A controversial but frequently used term “abstract landscape” was introduced to denote one of the widely spread post-war interpretations of abstract painting with sources in experiences of nature, after the title of Aleksa Čelebonović’s 1961 exhibition in the Gallery of the Cultural Centre in Belgrade – Abstract Landscape, where Protić was one of the participants. The mentioned term had its origins in the genuine concept of paysagisme abstrait created by the French critic Michel Ragon. Protić believed that “imaginary spaces” was a more adequate denomination for his version of this painterly view – the concept was related to a cycle of big format paintings exhibited and well-received at the Biennial in Sao Paulo in 1965. The dominant element in those paintings was the motif of circle as the moon in the upper part of the canvas and a uniform dark surface as representation of land in the lower half of the painted field. “Imaginary spaces” referred to the fact that in that type of painting forms were not the existing and proven data from nature (moon, earth) but, in this case, also painterly entities of potential objectful qualities of some imaginary and non-existent landscapes. Protić defined this characteristic of his painting in the following statement: “… the circular form of the moon, yellow, white, blue, red or black, with a dramatic limbo, placed in the upper part, with impasto melting and falling like an echo of an explosion on lateral vertical margins. That link between the geometric and organic, between fantasy and reality was the link between heaven and earth or between concept and life”.
The painting that summarises the described process of gradual reduction of representation towards the sign and where that concept plays a major role is Gea (1969), a picture of exceptional status in the overall painterly opus of M. B. Protić, as confirmed by the fact that it was published in Gillo Dorfles’s book Ultime tendenze nell’arte d’oggi (1973). With regard to this painting and a number of those that treated related problems, created almost at the same time, their author quoted the following interpretations in the second volume of his Noah’s Arc (1969): “In the beginning (…) a somewhat geometrically reshaped object was incorporated in the structure of the painting, but it was material and materialised. After that, it changed and became a symbol, a sensitive semantic code…”. And further on, at a different place, he said that it was “an attempt to introduce the power of one’s personal experience into new spiritual needs… Innovation could be observed in the final reduction of the object, in the demonstration of the resources, in an almost purist syntax”.
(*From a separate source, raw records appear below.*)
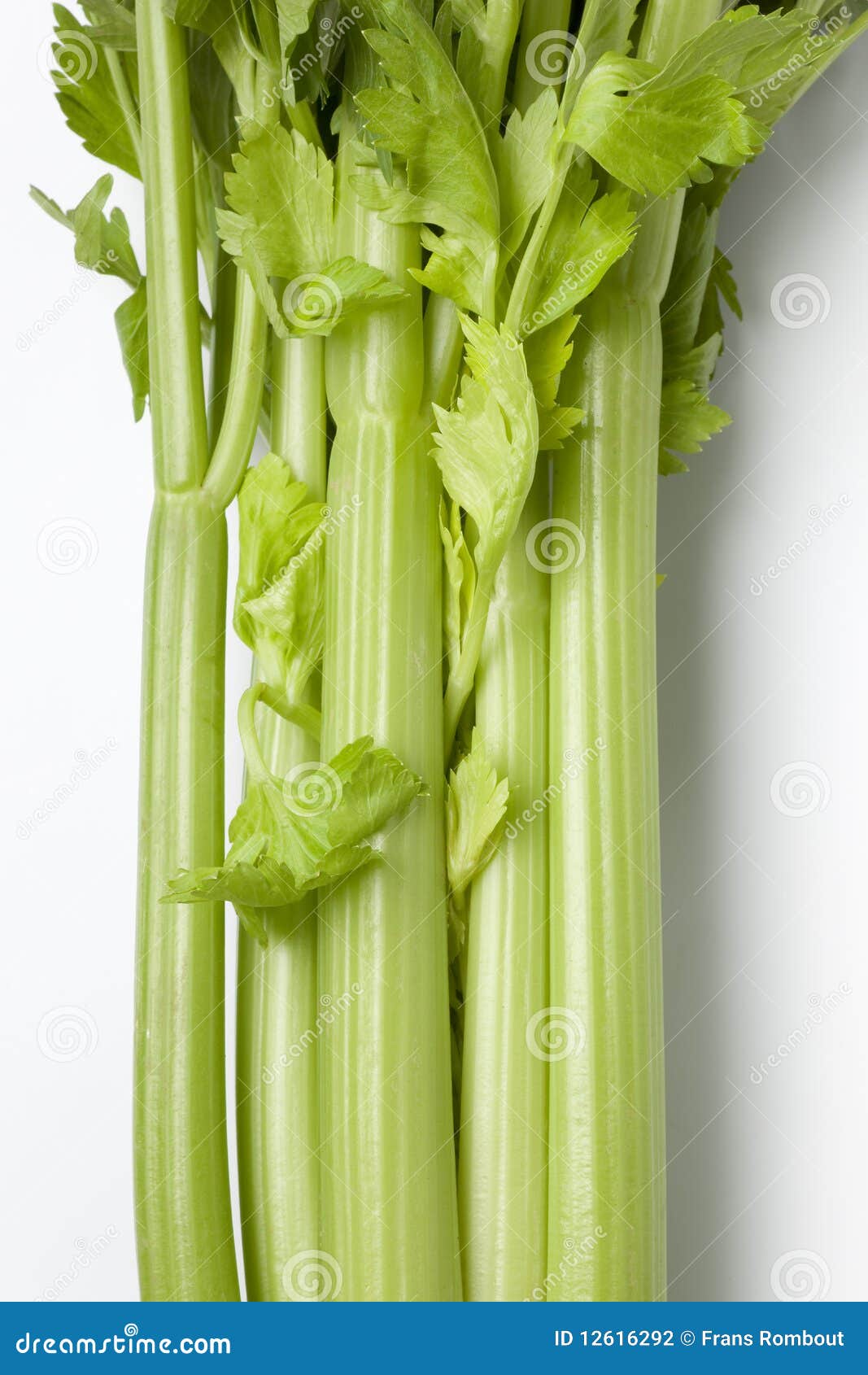 Celery stems and leaves stock photo. Image of healthy 12616292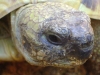 Testudo hermanni - Die Griechische Landschildkröte gehört zu den mediterranen Landschildkrötenarten (Gattung Testudo).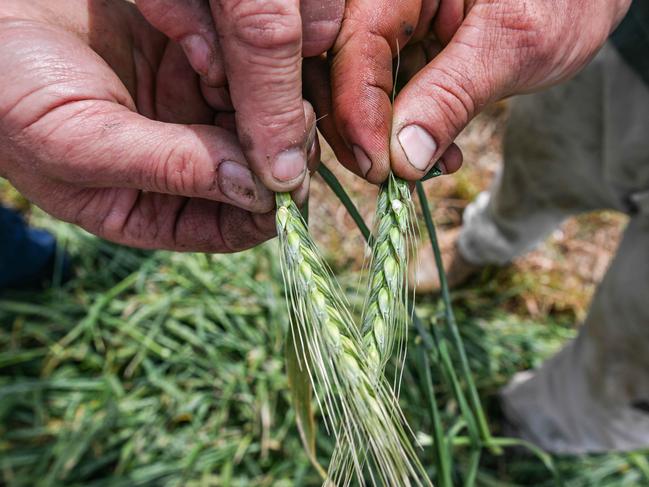 OCTOBER 3, 2024: Frost damaged wheat, left, next to healthy wheat near Ardrossan on Yorke Peninsula. Picture: Brenton Edwards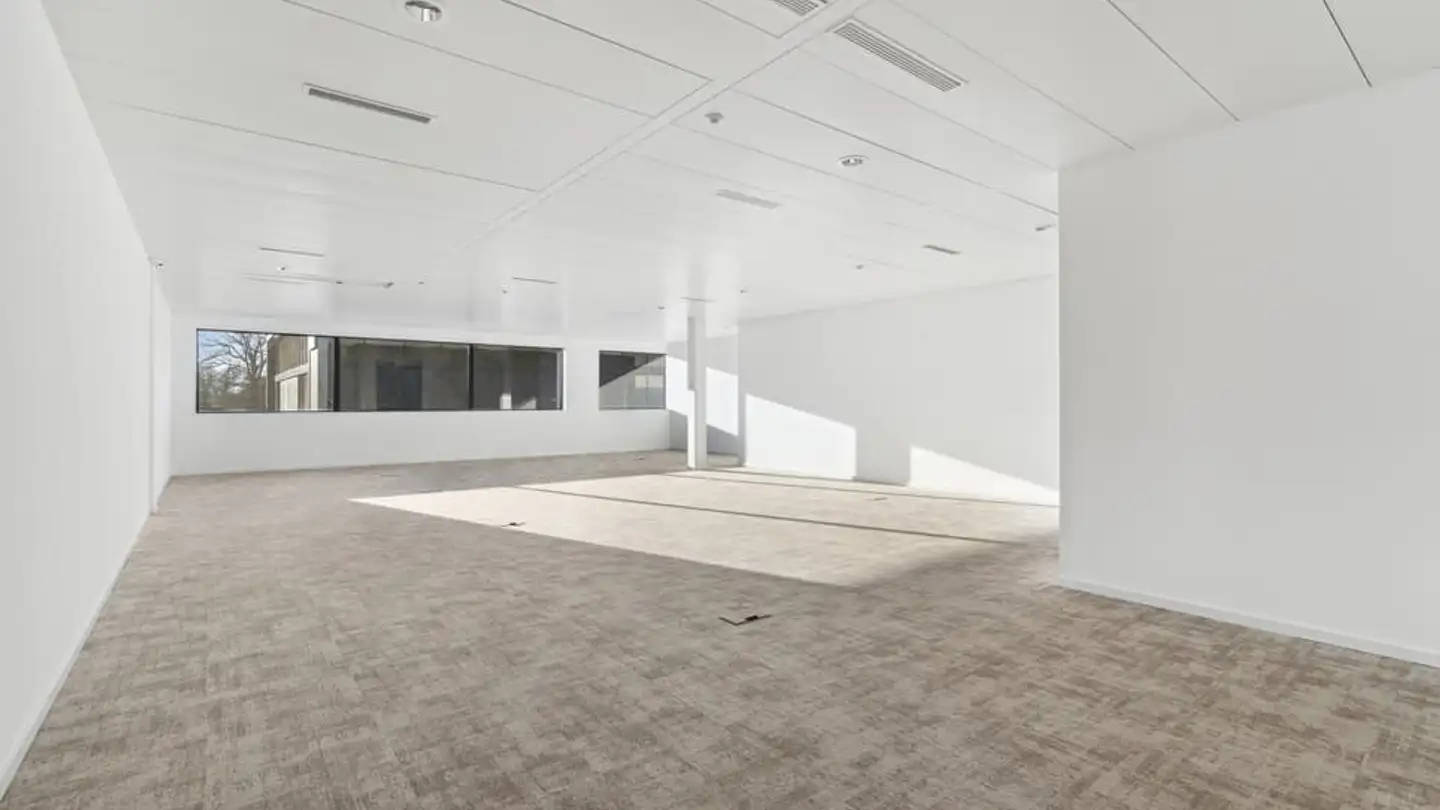 Commercial for rent - 1262 Eysins - Photo 4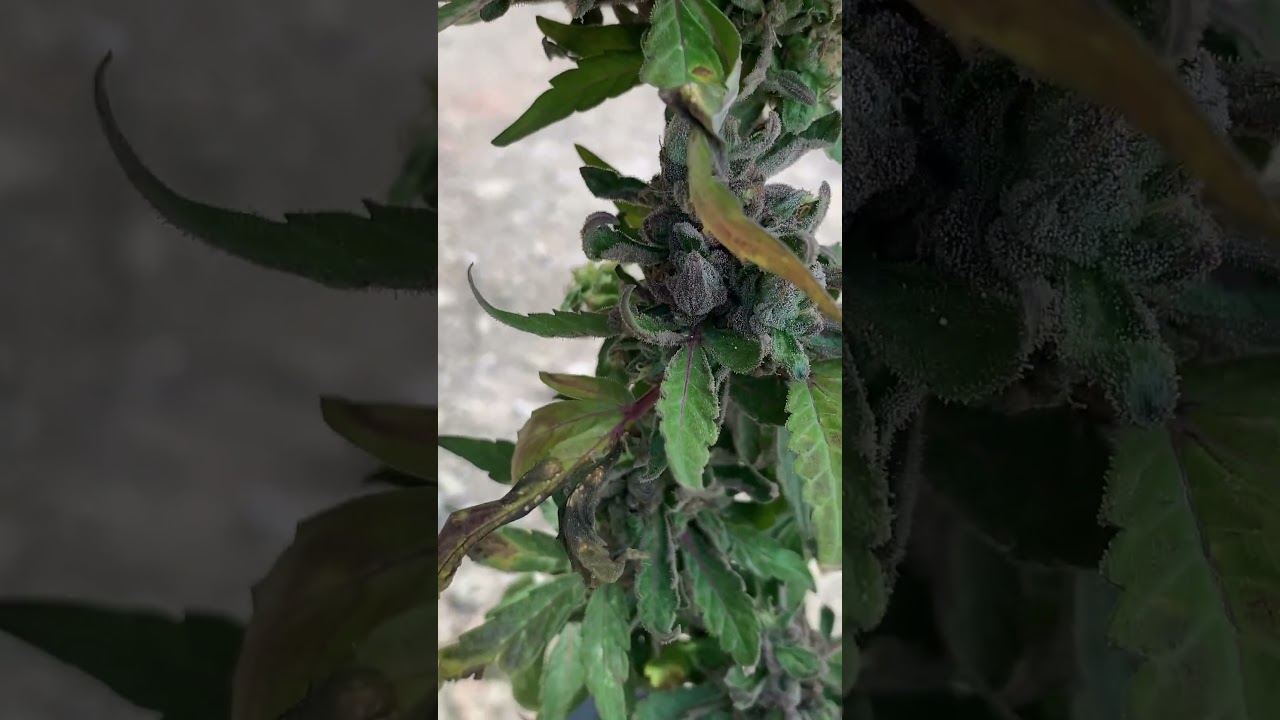 Final stages of flower 🌺 🌴 | Single cola cannabis plant Update #2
The seventies were the decade of Protić’s intensive writing, painting and exhibition activities. He published the books Serbian Twentieth Century Painting I and II, (Nolit, 1970), Yugoslav Painting 1900-1950 (BIGZ, 1973) and the monograph study on Milena Pavlović Barilli (Prosveta, 1972). He took part in the authorial exhibition of Lazar Trifunović Abstract Painting in Serbia (1971), organised his solo shows in the Gallery of the Cultural Centre in Belgrade (1973 and 1976) and in the Gallery Forum in Zagreb (1974). In the wake of the thematic and formal solutions of his painting Gea (1969) he produced individual paintings and condensed drawings, mostly with the motif and symbolism of the shell, entitled Imaginary Landscape, Horizon, Eclipse of the Sun, Yellow Aquarium, Big Constellation and Big Constellation in Blue (1973), Composition with Shell and Constellation with Shell (1976), Shell (1977) and others, all the way to different versions of paintings entitled Signs of the Evening and Signs of the Night (1979). He then began the series of cross-like paintings-objects entitled In Honour of Malevich, continued to work on them until 1982 when he finished the series and recorded that those works “entered from the physical cosmic space into the spiritual space of human destiny”. In 1980, after two decades as head of the institution, he retired from the position Director of the Museum of Contemporary Art, and in September-December 1982 a retrospective exhibition was organised for him there; it was later moved to the Rihard Jakopič Pavilion in Ljubljana.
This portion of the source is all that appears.